La chronique de Maître Lecourt

Nous ouvrons ici un espace dédié à Maître Lecourt, qui plaida victorieusement contre Conforama.

Il a toute liberté pour y écrire, exposer un point de vue, ou éventuellement... répondre à vos questions.

Vous pouvez adresser un mail à Maître Lecourt en cliquant sur ce lien.



Encore une… Convertir en PDF Version imprimable Suggérer par mail
09-11-2007

Les parlementaires sont en ce moment victimes d’une curieuse épidémie. De manière particulièrement synchrone, il pleut des propositions de Loi sur le repos dominical. Chacun y va subitement de son idée. Chacun souhaite apporter ses lumières et ses convictions nouvelles ou anciennes. 

Il faut dire que les enseignes se sont mobilisées et font un lobbying particulièrement actif. Elles ne s’en cachent d’ailleurs pas sur le département du Val d’Oise puisqu’elles ont adressé des courriers aux parlementaires, tenu une conférence de presse et, pour certaines, ont été reçues par Monsieur CHATEL et Madame LAGARDE. 

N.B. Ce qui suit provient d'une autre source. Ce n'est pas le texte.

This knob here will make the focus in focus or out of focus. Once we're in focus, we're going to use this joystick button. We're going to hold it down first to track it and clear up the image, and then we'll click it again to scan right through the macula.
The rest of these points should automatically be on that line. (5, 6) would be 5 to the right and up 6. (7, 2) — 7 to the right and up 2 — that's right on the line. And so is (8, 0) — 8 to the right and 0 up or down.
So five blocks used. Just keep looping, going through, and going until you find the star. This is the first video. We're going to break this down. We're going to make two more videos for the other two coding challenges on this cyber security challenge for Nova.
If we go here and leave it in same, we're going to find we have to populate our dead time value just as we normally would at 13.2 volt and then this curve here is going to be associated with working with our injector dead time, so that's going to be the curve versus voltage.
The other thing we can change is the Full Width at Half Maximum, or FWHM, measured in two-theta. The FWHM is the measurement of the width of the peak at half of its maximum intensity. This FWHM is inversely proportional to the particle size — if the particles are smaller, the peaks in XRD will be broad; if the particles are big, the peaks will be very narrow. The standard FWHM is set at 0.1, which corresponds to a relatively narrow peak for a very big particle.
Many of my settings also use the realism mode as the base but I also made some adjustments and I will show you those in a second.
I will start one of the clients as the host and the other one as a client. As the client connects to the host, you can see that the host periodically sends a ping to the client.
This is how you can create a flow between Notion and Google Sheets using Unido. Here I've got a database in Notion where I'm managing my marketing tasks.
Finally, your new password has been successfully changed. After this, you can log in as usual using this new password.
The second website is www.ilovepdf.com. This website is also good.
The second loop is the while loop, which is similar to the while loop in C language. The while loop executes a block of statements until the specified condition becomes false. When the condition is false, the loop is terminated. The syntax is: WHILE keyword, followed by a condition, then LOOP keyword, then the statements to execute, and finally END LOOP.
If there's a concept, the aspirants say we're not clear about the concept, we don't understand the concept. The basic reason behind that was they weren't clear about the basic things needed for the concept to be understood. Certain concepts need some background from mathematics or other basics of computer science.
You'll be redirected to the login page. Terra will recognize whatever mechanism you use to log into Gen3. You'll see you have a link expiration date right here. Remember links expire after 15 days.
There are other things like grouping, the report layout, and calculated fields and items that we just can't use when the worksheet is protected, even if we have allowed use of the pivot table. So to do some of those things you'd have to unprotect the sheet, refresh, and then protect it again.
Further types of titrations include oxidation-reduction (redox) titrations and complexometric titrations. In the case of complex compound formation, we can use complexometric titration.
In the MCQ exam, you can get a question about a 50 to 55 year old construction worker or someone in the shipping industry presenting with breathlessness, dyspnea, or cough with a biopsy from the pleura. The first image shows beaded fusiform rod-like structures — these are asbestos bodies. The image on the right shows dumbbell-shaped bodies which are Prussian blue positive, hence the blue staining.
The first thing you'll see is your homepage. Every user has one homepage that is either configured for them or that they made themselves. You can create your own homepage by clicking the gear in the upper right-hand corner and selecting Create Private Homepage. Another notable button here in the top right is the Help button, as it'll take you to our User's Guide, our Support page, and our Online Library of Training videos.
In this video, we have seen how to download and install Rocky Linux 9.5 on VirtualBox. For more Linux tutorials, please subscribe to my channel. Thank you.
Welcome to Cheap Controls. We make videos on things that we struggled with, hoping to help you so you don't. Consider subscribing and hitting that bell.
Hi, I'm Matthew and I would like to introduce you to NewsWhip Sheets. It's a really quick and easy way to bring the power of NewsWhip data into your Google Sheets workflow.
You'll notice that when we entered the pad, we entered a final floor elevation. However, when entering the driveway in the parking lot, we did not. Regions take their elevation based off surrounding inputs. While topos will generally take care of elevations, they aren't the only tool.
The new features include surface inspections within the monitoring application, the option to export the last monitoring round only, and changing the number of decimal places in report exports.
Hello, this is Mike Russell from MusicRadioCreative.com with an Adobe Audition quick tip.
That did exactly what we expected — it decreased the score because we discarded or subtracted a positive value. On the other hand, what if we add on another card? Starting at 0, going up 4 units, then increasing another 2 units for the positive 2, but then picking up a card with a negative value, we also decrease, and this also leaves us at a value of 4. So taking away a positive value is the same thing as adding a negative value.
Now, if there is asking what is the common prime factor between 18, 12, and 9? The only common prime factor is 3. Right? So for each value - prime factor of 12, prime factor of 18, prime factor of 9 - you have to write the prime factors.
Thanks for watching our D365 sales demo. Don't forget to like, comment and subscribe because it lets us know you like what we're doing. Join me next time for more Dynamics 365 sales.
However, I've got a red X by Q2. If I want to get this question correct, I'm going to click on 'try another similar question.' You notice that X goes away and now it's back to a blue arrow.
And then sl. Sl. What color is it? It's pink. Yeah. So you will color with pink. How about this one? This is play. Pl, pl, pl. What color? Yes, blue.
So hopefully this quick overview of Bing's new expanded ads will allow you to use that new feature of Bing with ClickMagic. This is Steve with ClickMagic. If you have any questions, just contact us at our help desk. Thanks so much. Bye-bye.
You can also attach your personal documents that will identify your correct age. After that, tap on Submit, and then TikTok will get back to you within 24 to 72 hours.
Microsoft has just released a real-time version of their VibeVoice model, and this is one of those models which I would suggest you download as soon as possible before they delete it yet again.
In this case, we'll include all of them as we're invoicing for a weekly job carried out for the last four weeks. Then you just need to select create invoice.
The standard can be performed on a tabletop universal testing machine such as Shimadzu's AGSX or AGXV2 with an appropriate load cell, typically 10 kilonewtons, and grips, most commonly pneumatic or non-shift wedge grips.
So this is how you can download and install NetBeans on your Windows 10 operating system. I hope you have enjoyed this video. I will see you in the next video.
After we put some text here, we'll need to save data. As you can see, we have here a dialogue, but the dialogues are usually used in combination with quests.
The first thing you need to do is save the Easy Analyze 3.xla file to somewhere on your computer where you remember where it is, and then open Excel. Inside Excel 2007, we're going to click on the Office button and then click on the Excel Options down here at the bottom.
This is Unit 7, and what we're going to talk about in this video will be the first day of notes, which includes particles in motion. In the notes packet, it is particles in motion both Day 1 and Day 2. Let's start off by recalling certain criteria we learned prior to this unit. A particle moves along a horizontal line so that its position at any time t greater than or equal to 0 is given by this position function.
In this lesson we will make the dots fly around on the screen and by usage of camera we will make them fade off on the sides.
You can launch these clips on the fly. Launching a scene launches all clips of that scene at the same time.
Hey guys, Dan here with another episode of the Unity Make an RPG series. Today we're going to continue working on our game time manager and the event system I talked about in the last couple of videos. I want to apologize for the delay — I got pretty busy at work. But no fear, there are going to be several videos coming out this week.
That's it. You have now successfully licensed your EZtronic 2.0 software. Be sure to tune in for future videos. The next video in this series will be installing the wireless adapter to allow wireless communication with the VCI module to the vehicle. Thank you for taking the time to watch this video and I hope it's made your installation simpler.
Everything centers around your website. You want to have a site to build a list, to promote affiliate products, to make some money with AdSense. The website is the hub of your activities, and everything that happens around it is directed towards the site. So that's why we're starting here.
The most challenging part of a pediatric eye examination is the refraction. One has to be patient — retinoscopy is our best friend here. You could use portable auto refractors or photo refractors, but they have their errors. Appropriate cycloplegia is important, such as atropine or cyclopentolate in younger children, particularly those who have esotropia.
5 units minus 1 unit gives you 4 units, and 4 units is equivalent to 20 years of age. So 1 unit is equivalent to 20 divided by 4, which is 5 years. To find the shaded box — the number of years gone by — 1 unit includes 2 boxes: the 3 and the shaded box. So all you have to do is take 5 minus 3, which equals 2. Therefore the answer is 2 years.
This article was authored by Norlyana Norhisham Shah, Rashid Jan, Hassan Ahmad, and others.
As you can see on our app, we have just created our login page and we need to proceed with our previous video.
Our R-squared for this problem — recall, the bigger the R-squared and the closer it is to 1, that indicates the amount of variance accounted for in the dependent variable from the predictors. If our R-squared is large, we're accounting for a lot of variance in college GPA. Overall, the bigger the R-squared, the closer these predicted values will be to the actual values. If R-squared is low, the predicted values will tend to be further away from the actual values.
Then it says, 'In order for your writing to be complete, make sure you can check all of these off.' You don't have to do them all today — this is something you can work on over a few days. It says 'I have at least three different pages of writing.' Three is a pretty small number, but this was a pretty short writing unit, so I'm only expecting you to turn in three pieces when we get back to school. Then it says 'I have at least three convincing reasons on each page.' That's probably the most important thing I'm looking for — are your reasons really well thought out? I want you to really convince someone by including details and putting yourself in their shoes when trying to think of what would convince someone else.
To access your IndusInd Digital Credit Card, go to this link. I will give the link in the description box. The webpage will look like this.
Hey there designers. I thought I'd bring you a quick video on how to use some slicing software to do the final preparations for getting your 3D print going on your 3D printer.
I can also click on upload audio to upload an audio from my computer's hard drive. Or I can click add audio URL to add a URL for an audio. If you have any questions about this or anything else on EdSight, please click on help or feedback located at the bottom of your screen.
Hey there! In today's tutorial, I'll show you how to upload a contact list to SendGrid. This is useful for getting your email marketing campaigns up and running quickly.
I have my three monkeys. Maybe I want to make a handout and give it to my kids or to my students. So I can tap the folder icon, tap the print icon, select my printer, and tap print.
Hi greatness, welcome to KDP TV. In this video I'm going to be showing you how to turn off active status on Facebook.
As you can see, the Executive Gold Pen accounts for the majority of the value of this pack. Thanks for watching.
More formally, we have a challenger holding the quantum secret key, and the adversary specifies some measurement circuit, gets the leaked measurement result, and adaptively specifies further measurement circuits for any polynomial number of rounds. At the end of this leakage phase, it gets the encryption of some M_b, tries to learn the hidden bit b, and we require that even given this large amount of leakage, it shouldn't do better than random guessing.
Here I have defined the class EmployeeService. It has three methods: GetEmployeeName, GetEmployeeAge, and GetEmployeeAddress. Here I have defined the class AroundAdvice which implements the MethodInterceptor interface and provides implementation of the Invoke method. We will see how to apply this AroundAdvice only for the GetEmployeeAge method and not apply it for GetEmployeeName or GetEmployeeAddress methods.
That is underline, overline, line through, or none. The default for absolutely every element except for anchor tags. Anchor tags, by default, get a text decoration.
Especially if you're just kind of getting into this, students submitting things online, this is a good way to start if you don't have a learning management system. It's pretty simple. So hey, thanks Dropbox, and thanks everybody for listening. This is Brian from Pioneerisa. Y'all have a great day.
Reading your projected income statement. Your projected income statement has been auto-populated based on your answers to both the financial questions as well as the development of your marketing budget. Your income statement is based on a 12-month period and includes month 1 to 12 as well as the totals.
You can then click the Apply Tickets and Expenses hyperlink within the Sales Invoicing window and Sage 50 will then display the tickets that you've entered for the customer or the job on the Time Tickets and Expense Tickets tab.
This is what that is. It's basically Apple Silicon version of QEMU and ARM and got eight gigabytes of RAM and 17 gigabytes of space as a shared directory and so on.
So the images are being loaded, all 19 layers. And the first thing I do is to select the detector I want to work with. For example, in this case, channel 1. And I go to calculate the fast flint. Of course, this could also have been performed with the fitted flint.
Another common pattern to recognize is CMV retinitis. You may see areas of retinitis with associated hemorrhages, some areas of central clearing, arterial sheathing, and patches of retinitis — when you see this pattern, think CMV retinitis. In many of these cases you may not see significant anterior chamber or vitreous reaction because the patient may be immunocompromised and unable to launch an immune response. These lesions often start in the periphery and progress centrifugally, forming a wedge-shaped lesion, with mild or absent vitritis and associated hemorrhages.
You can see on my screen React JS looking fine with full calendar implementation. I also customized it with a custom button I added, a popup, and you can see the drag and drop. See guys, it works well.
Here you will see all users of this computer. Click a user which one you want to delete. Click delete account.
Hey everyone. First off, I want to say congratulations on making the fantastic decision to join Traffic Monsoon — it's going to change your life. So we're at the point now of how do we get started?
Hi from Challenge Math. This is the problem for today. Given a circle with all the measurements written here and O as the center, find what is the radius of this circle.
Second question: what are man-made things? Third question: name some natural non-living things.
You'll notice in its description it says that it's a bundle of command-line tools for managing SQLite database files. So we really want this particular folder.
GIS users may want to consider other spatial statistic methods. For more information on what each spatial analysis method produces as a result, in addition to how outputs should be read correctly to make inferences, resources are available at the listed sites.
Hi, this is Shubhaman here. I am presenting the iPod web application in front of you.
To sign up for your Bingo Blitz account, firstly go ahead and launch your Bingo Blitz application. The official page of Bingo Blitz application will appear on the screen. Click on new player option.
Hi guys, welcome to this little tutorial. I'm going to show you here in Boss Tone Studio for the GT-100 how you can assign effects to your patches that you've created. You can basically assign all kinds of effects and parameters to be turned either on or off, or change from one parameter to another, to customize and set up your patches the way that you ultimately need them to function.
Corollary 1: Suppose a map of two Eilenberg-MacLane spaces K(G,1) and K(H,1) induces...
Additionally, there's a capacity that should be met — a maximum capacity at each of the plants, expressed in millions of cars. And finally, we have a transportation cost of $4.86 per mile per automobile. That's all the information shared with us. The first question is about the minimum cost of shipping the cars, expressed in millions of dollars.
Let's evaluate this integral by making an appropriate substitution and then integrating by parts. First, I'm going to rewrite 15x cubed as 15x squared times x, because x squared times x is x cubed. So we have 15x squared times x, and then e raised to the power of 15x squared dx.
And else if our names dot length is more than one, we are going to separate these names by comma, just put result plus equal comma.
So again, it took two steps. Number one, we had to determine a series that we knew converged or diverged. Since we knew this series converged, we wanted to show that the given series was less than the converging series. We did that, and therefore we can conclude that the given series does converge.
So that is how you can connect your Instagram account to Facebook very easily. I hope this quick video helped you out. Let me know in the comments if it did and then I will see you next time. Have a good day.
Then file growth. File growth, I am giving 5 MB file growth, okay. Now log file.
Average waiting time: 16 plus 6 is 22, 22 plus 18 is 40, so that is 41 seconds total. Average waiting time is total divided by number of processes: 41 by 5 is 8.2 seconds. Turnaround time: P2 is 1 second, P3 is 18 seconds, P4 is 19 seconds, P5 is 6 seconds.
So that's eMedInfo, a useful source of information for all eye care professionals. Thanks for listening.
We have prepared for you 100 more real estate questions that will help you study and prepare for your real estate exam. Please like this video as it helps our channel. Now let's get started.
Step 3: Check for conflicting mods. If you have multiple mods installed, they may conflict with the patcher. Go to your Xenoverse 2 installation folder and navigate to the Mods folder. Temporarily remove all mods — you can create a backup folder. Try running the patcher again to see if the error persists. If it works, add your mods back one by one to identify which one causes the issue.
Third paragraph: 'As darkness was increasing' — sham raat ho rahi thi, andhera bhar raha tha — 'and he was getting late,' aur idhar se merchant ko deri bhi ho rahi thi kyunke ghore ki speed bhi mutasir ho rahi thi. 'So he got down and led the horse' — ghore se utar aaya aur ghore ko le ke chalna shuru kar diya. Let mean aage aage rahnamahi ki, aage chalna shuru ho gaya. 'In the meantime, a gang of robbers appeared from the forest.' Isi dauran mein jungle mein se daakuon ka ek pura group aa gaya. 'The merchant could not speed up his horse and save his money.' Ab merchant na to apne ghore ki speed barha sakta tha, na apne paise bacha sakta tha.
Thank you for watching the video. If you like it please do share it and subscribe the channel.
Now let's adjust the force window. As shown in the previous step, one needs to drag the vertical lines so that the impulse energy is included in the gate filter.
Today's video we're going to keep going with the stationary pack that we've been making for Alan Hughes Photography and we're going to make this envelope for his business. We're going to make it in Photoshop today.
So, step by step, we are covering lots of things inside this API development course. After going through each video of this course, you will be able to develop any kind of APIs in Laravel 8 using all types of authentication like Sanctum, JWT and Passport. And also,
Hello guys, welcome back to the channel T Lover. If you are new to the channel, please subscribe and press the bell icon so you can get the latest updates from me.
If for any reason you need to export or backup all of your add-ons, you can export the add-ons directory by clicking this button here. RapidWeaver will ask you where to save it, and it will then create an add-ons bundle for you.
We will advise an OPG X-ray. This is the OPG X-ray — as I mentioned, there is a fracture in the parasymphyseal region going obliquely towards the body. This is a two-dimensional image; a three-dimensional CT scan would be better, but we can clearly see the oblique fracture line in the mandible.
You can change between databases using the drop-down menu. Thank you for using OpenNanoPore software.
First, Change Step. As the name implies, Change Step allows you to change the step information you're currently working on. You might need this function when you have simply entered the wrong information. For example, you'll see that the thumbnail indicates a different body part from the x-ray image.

Non que l’offensive des syndicats pour faire respecter la Loi soit récente. Simplement les résultats obtenus concernant les astreintes dissuasives commencent à poser des problèmes de plus en plus difficiles à surmonter, la Loi étant dépourvue de toute ambiguïté et les magistrats sans doute plus soucieux de la faire respecter que l’exécutif. 

Il leur est donc devenu nécessaire d’obtenir la modification d’une Loi qui, autrement, ne leur posait pas la moindre difficulté. 

La bafouer ne leur posait aucun problème de conscience...

Ce qui est moins normal, c’est que les arguments repris sont ceux développés par les grandes enseignes, au risque d’oublier les arguments des partisans du repos dominical, le rapport du Conseil Economique et Social qui n’est pourtant pas vieux, la totalité des sondages, les voix qui s’élèvent dans toutes les sphères de la société. 

 


Un article à lire absolument.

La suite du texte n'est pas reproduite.